Miss the many, many kisses we shared.
On the second night we met, there was a storm. He opened up a corner of his heart that had long been untouched by light, experienced a panic attack in my arms, thinking it was a corner where no one would be willing to love him. I couldn't pack up and solve his pain, but I was willing to touch his hair and tell him I had no intention of leaving. That night, or rather in the morning, I didn't know what time he fell asleep, I only knew he drank a lot, smoked a lot, after chatting with my dad, he called his parents and friends.
The next day, I woke up after noon, and he was still asleep. I planned to go out for a walk, but he couldn't move, so he asked me with his mouth, how he tortured himself all night and still looked so energetic. I said, are you torturing yourself or me? I wrote a note for him, then went out, went to a building where artists gathered for creative work, wrote a poem while walking and sent it to him. After the walk, I went into the adjacent Uniqlo store.
The three floors of that Uniqlo store had a lazy sofa area that was so comfortable. I called Sky, then called Su, and waited for Yuan to come find me for dinner. Soon after Yuan arrived, he finally got up and came to Uniqlo to find us. While video chatting with Su, Yuan, and me, he bought the Heattech thermal underwear he had been wanting. Then the three of us went to dinner, with Yuan leading the way, holding my hand from behind, showing that we were close friends who could hold hands tightly.

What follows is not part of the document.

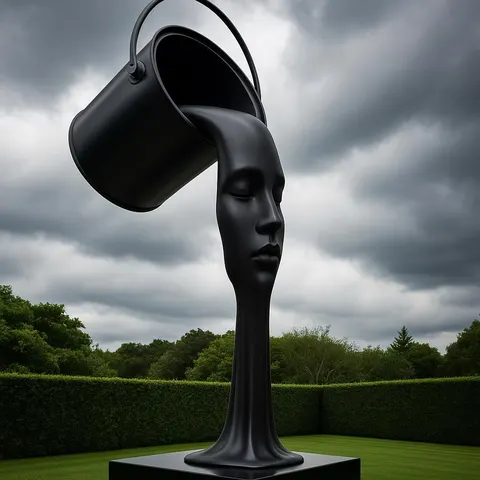 Girl's Face Leaked Out — 3D printed face sculpture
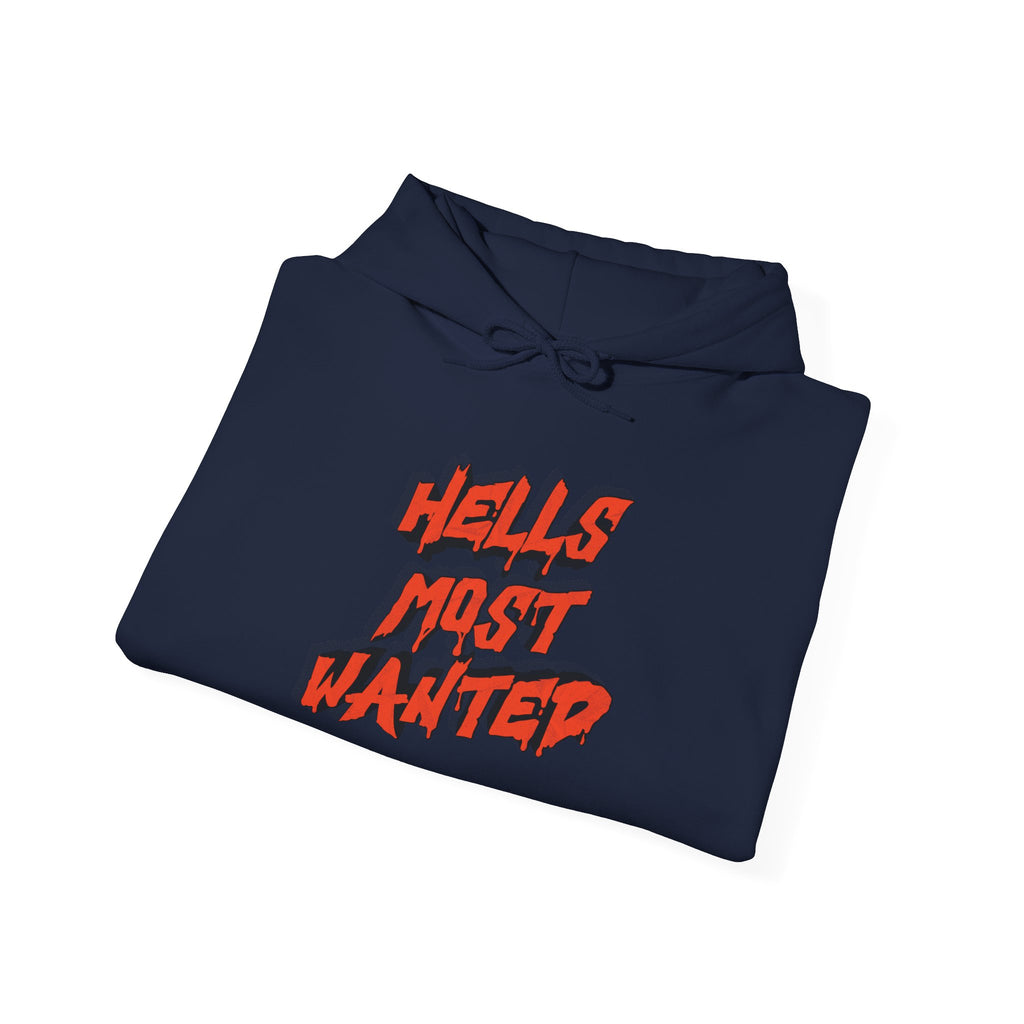 Hoodie — "Hell's Most Wanted" Retro Red Graphic Pullover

After dinner, it started raining, he took off his jacket and gave it to me to shield from the rain, and we roamed the night in Paris. Later, when the rain stopped, I was still wearing his jacket, we revisited midnight Paris. Holding hands all the way, telling a lot of silly jokes, sharing freshly fried fries at a kebab shop, singing "Don't look back in anger" from the background music. We only held hands, no kisses, but looking back, it felt like he was already breathing in my heart.
On the fourth day, we had Hainan chicken rice for lunch. When asked "separate bills or together?" at checkout, I secretly felt happy, our intimacy was so hidden and rich. We went out, held hands, went to see the exhibition he had been wanting to see, and I forgot which street it was, we started kissing. We had an unspoken agreement, kissing outside of "home" would only be gentle lip kisses, lasting less than a second. There was no specific trigger for the kisses, sometimes just talking about random things, then suddenly looking at each other and wanting to kiss.
Our kisses were scattered, unevenly distributed in every moment we shared. They weren't filled with too much desire, but rather represented acceptance and affirmation, making me live mindfully in the moment. When we parted ways at the subway station, he kissed me, and I kissed him back, that was our way of saying goodbye. I knew we would continue to coexist, with warmth in our hearts, no pain.
Two days have passed in the blink of an eye, I find myself thinking of him at many inexplicable moments, my brain commands: now he would kiss you. Then I can't help but raise a smile.